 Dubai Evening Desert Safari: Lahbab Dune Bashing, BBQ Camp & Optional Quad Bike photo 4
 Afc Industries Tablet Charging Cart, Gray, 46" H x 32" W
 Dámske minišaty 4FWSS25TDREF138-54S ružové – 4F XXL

...

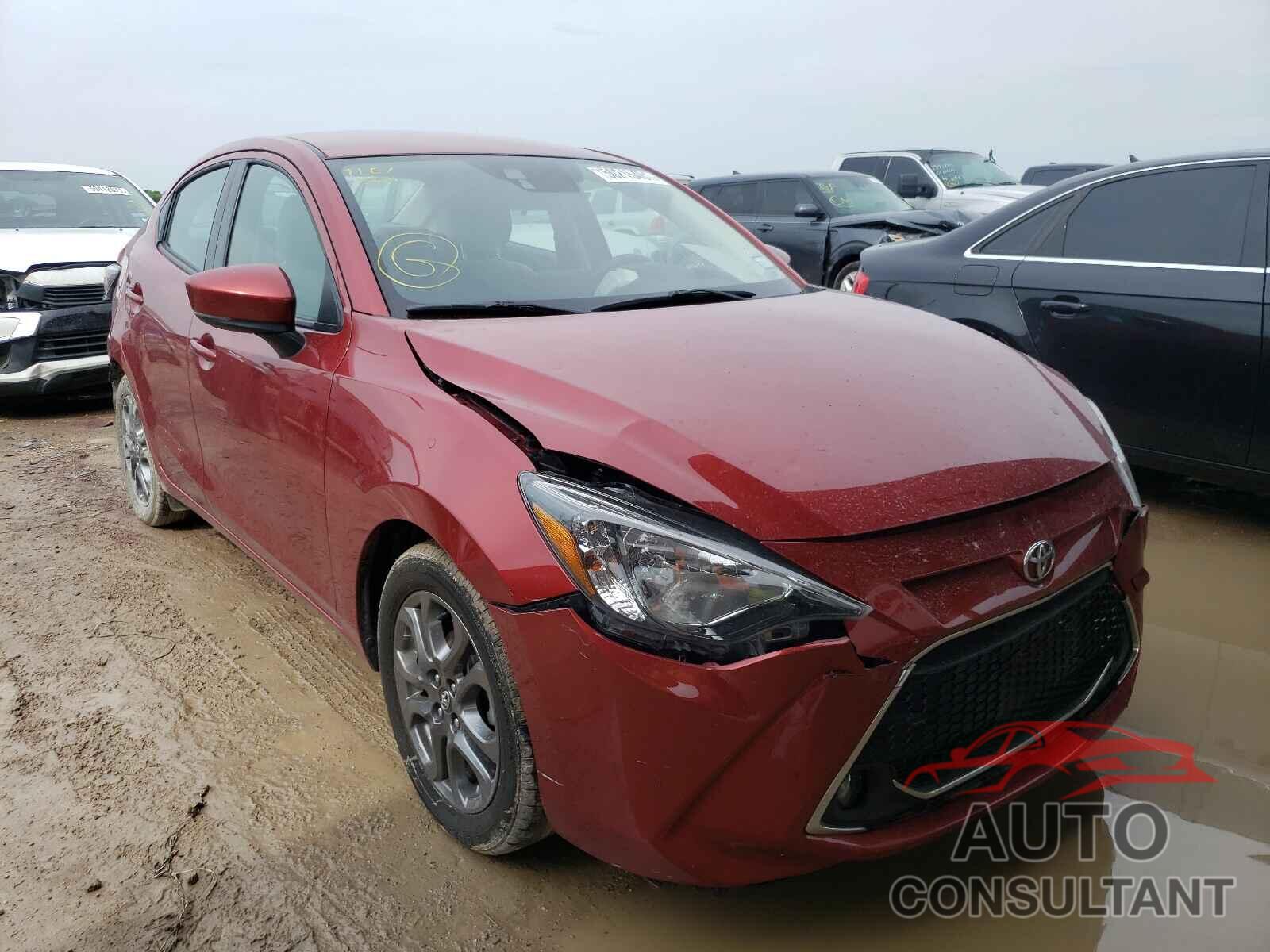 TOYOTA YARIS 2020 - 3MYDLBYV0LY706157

### TO DO
Restate word for word only the lines above from the line containing "Afc Industries Tablet" to the line containing "Dámske minišaty 4FWSS25TDREF138-54S", both of them included.

### TASK OUTPUT
 Afc Industries Tablet Charging Cart, Gray, 46" H x 32" W
 Dámske minišaty 4FWSS25TDREF138-54S ružové – 4F XXL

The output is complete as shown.